2. Consider your needs
Identifying an emotion may or may not come easy, so it’s also important to assess your current needs. Are you needing balance in your life right now? Do you want more peace, stability, or predictability? Maybe it’s distraction: you need fun, adventure, spontaneity. Something to shake things up. Do you just need to feel good? Do you need laughter, sunshine, human touch?
What is it that you need right now and how can you get it? Will the pint of ice cream get you there, or is it something else entirely?
3. Determine the fix
You’ve given yourself the time and space to think this through. This is most important. Because emotional or stress eating so often coincides with mindless eating: all of a sudden you find that you’ve eaten an entire bag of Doritos with no idea of how you got there.
Being mindful and present about your emotions and needs is key in determining whether or not you should keep going with your urge. And again, sometimes you should! There may be no emotion involved, no need involved other than you simply wanting that piece of chocolate. Just make sure you are consciously choosing to have it and that it’s not stemming from a deeper need for something else.
4. Reflect on the outcome
Whether you chose the treat or found a different source of comfort, take some time to recognize the result. How do you feel? Are you content with your choice? Did it help? Did it hurt? Did the strategy you chose lead you to an end result that you’re happy with?
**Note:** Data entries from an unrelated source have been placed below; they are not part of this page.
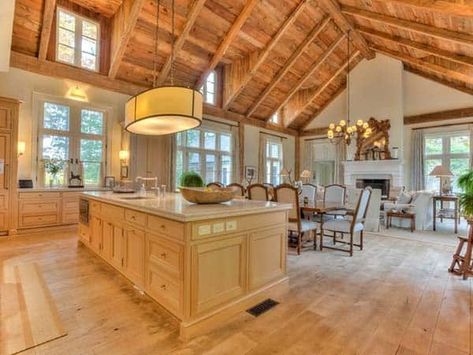 Renovated stone farmhouse nestled on wooded estate in Ontario Brasada Ranch, Dream Cabin, Stone Farmhouse, Farmhouse Renovation, Rustic Glam, Living Room Bench, Barn Style House, Farmhouse Interior, Farmhouse Dining Room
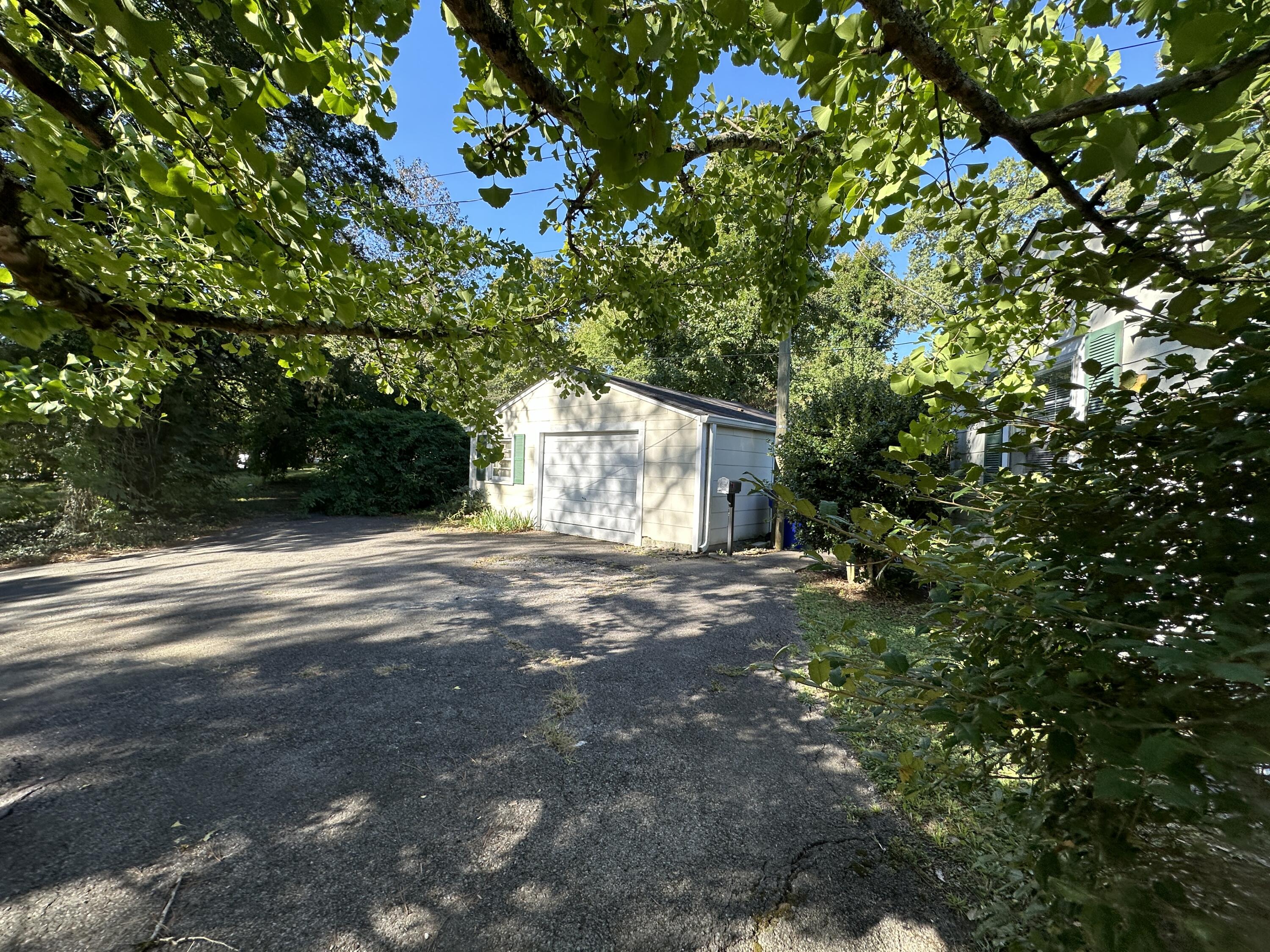 2027 Hickory Drive NW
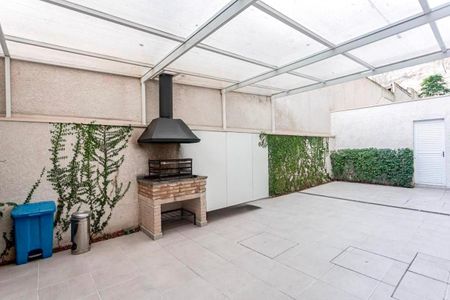 Apartamento à venda com 33m², 1 quarto e sem vagaÁrea comum - Churrasqueira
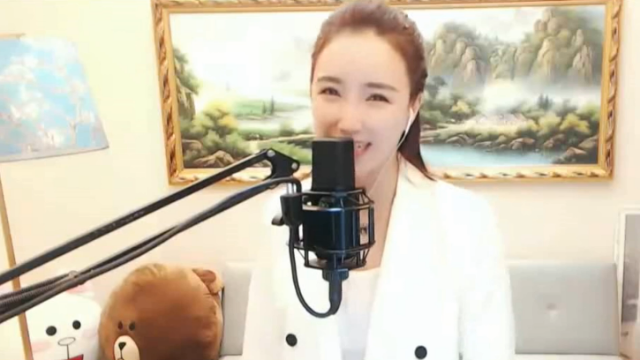 文静《爱情红绿灯》好听至极，听哭多少有故事的人？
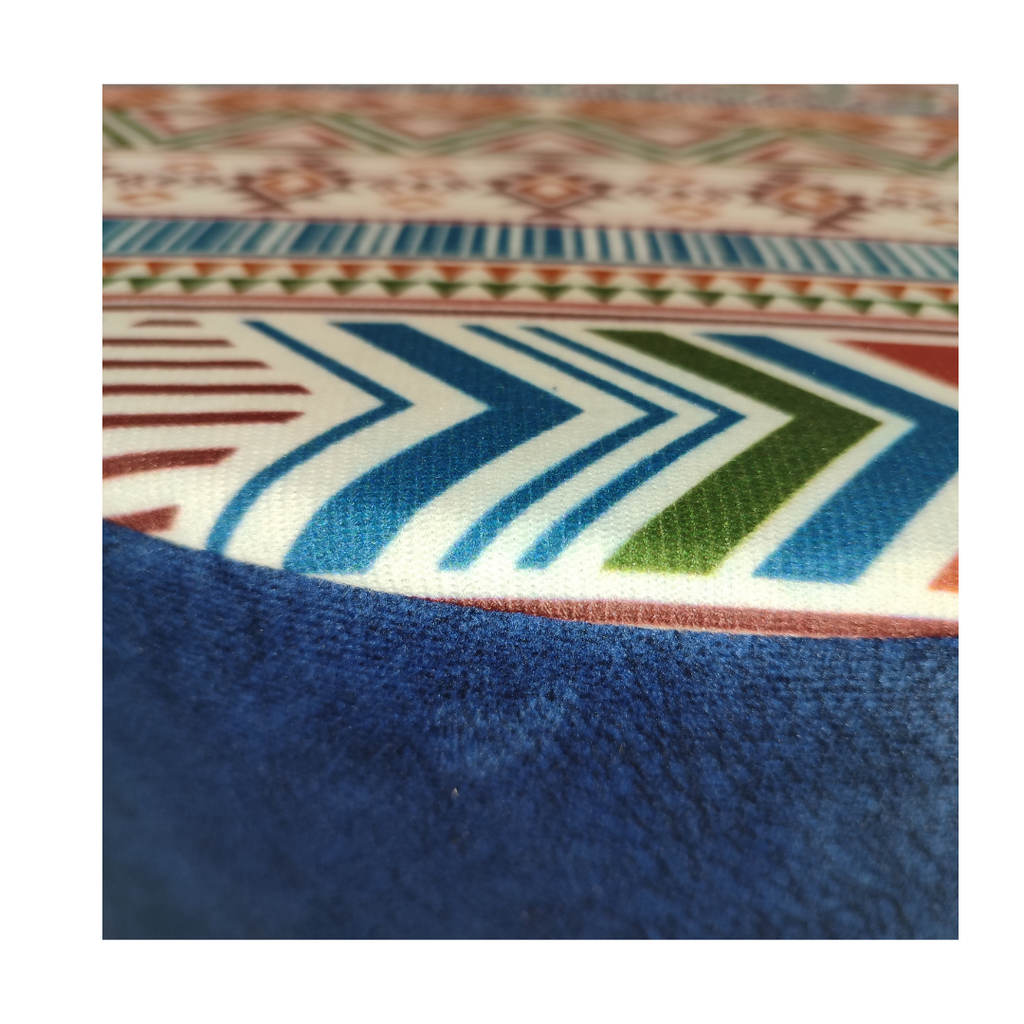 USTAAGAC Modern Desenli Yan Mavi El Yapımı Puf, Ahşap Ayaklı Dekoratif Tabure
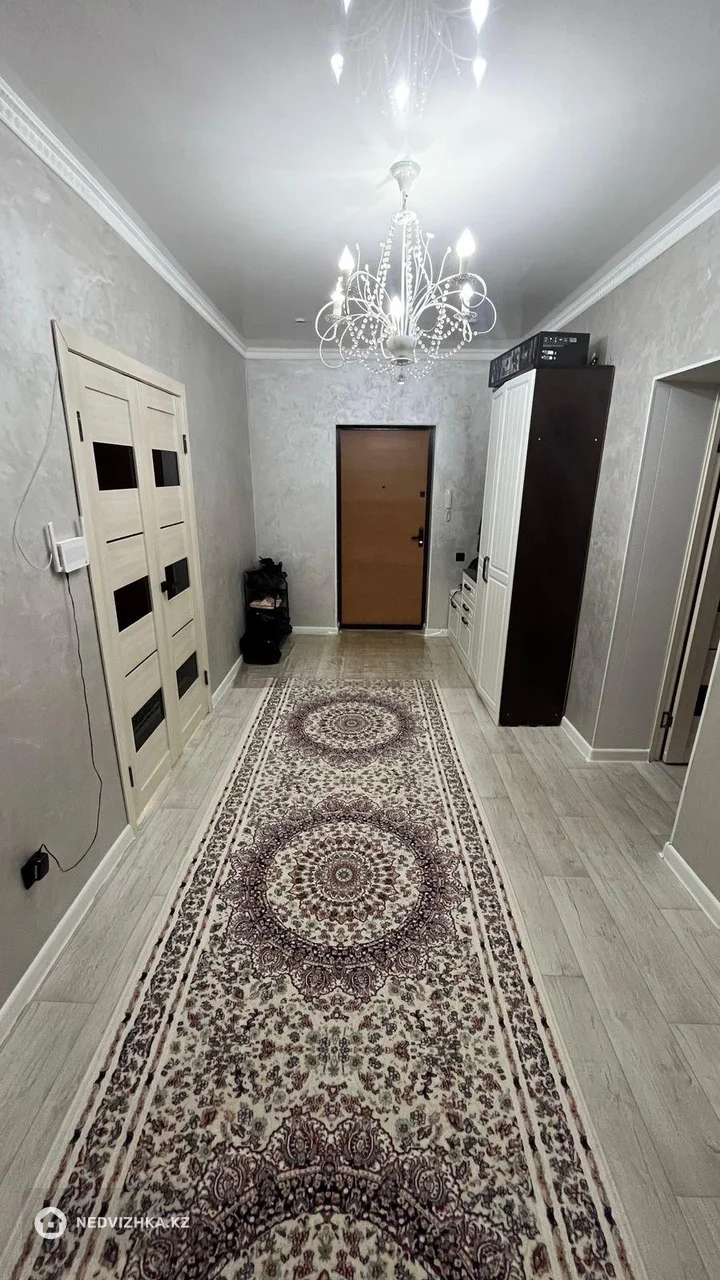 3-комнатная квартира, этаж 3 из 6, 82 м², фотография 2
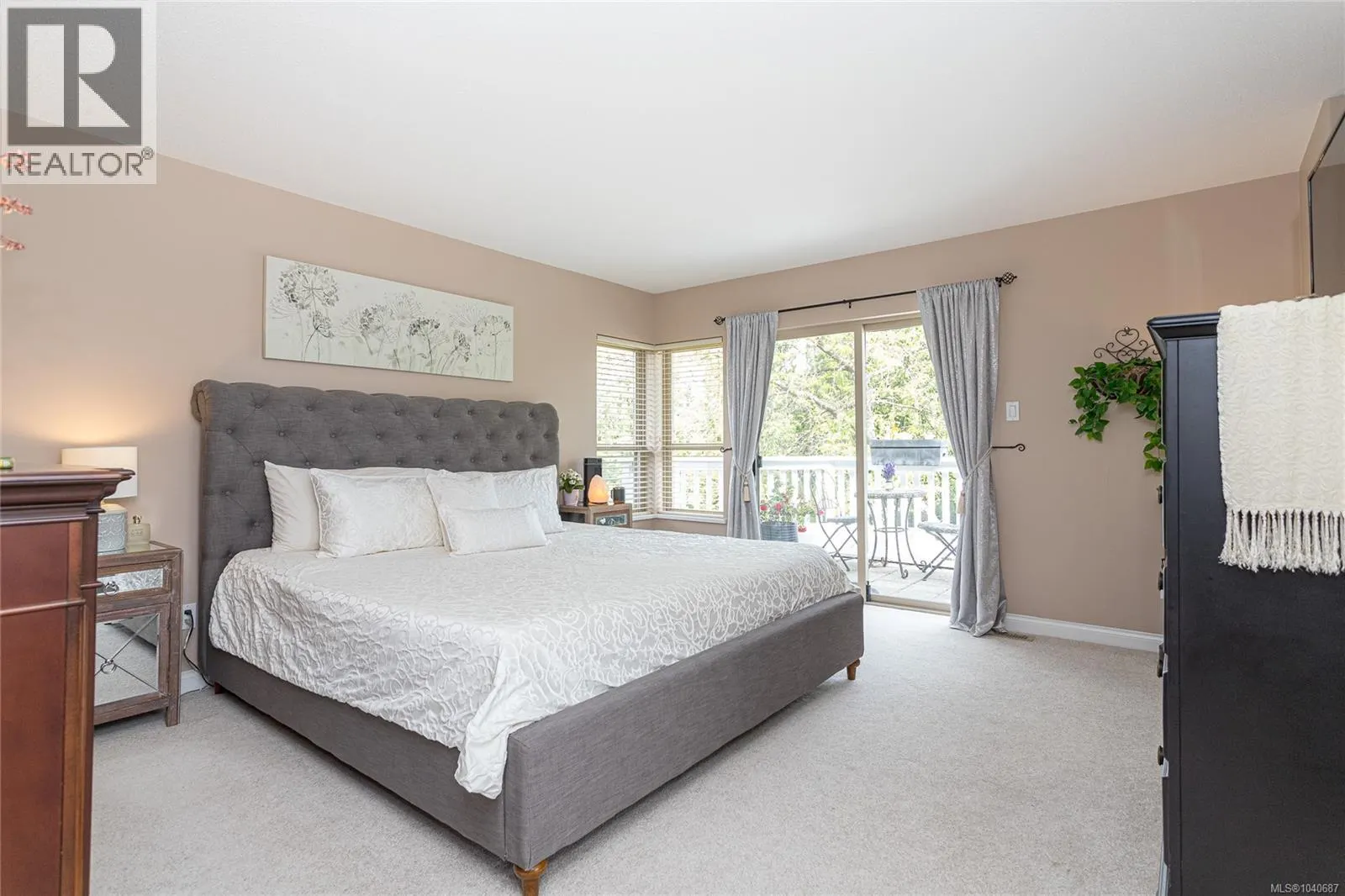 1191 Rosemount Close
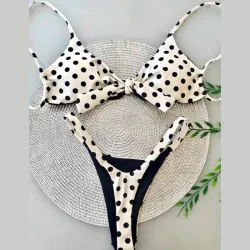 Bikini de lunares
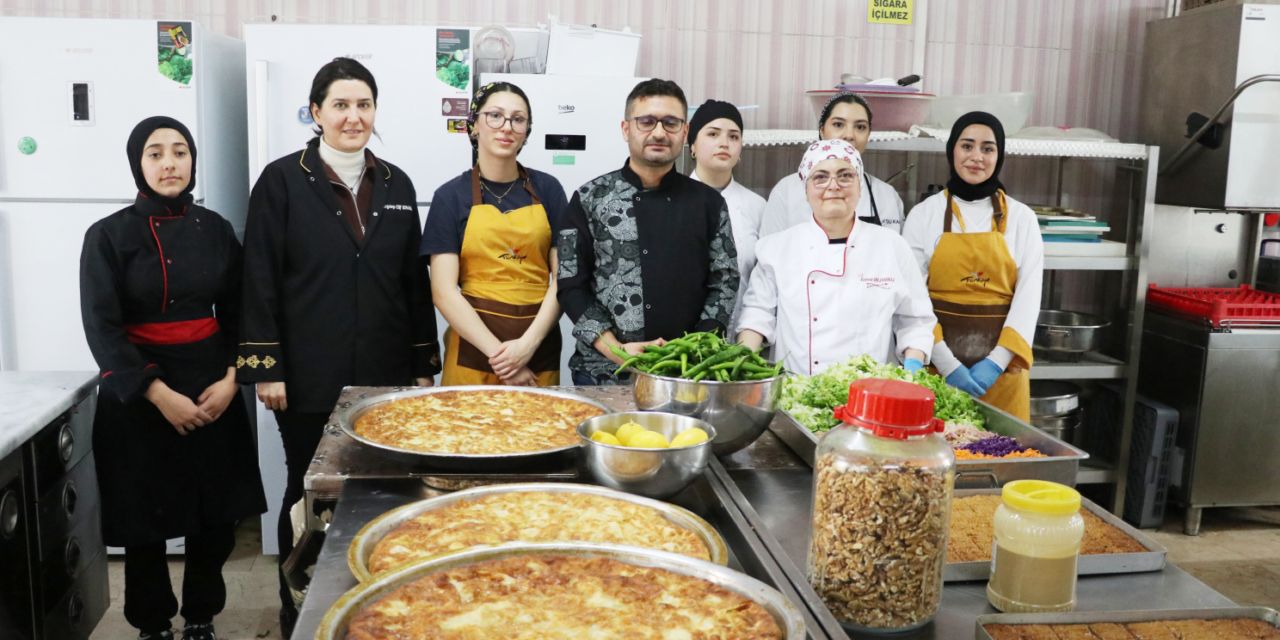 Lise öğrencileri, iftar ve sahur sofralarını lezzetlendiriyor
If you’re pleased with the outcome, congratulate yourself! Take the time to applaud yourself for cluing into your feelings. And if you’re not, ask yourself why, and give yourself grace. This is just a moment in time -- but also, a chance to learn from yourself. Once you realize what you’ve learned, applaud yourself.
Our coping mechanisms will get messy from time to time, and that’s normal. Especially now. Know that you can learn from every situation; continue to listen to yourself and your needs. Once you build up that intuitive trust with yourself, you’ll be able to reduce unconscious, unaware, and mindless emotional eating.